LVS to Pump $3.3 Billion into World’s Most Profitable Casino: Marina Bay Sands, Singapore

Posted on: April 3, 2019, 02:02h. 

Last updated on: April 3, 2019, 02:02h.

Sheldon Adelson’s Las Vegas Sands Corp is to plow $3.3 billion into revamping and expanding its Marina Bay Sands resort in Singapore — the richest casino company in the world’s most profitable property.

Marina Bay Sands
Room for one more? The Marina Bay Sands is to get a fourth hotel tower as part of a $3.3 billion revamp, as LVS displays its faith its capacity for growth. (Image: Las Vegas Sands Corp)

In a filing to the Securities and Exchange Commission Wednesday, LVS said it had reached agreement with the Singapore Tourism Board to build a 1,000-suite luxury hotel tower onto the Sands, as well as a state-of-the-art live entertainment arena.

Renovations will encompass a “comprehensive range of integrated amenities for tourism, recreation, entertainment and lifestyle,” LVS said, plus expanded “MICE” (Meetings, Incentives, Convention and Exhibition) facilities.

$1.5 Billion EBITDA

The Marina Bay Sands was the most expensive standalone casino in the world when it opened in 2010 at a cost of around $8 billion. It’s one of just two licensed casinos in Singapore, the prosperous island city-state at the southern tip of the Malaysian Peninsular.

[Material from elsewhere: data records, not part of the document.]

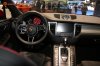 [VIMS 2016] Cận cảnh Porsche Macan GTS có giá 5,3  tỷ đồng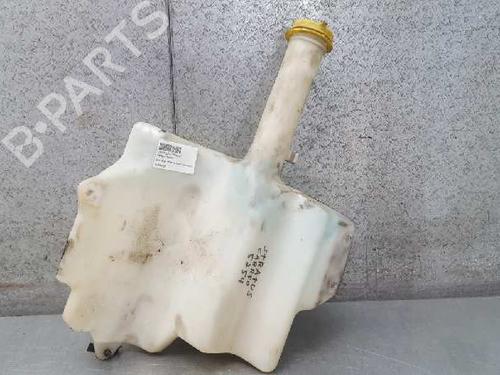 Windscreen washer tank CHRYSLER STRATUS Convertible (JX) 2.0 LE (131 hp) 04864633 | 04864633 |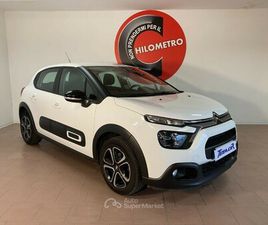 PURETECH 83 SHINE UNICOPRO. LEDVISION IVAESP.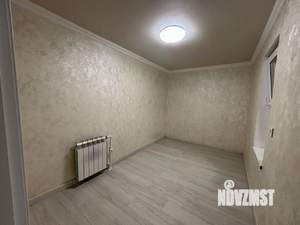 Коттедж 147м², 2-этажный, участок 5 сот.  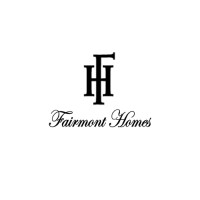 Fairmont Custom Homes logo - Similar company to Home Construction Inc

Along with Genting’s Resorts World Sentosa, it enjoys Singapore’s high levels of Chinese visitation, which are similar to Macau’s, but with none of the restrictions of a crowded market.

The stock-market analysis website Motley Fool recently suggested that Marina Bay Sands was “likely the most profitable resort and casino in the history of the gaming industry,” accounting for one third of LVS’ entire EBITDA (earnings before interest, tax, depreciation and amortization) — some $1.5 billion.

The Fool also wondered aloud whether the properties’ best years were now behind it, noting that EBITDA had stagnated and even fallen recently, and that — as competition in the Asian market increases — it was hard to see where there was any room to grow.

Adelson Speaks?

But LVS’ $3.3 billion pledge is an emphatic endorsement of its belief in the Sands’ capacity to grow. Nor does it hurt for LVS to show off its investment power in the Asian casino market at a time when the tender process for Japan’s casino licenses is about to kick off.

“Marina Bay Sands is an iconic tourism destination that has exceeded all of our hopes in growing leisure and business tourism in Singapore and it is a privilege to receive the Singapore government’s continued support of its development,” read a quote attributed to LVS chairman and CEO Sheldon Adelson that accompanied the SEC filing. “The property has achieved amazing success for both Singapore and our company, and we plan to create even more with this expansion.”

The 85-year-old billionaire casino mogul is understood to be receiving treatment for non-Hodgkinson’s lymphoma and has not been seen in public, or at LVS headquarters, since December and his situation has been described as “dire.”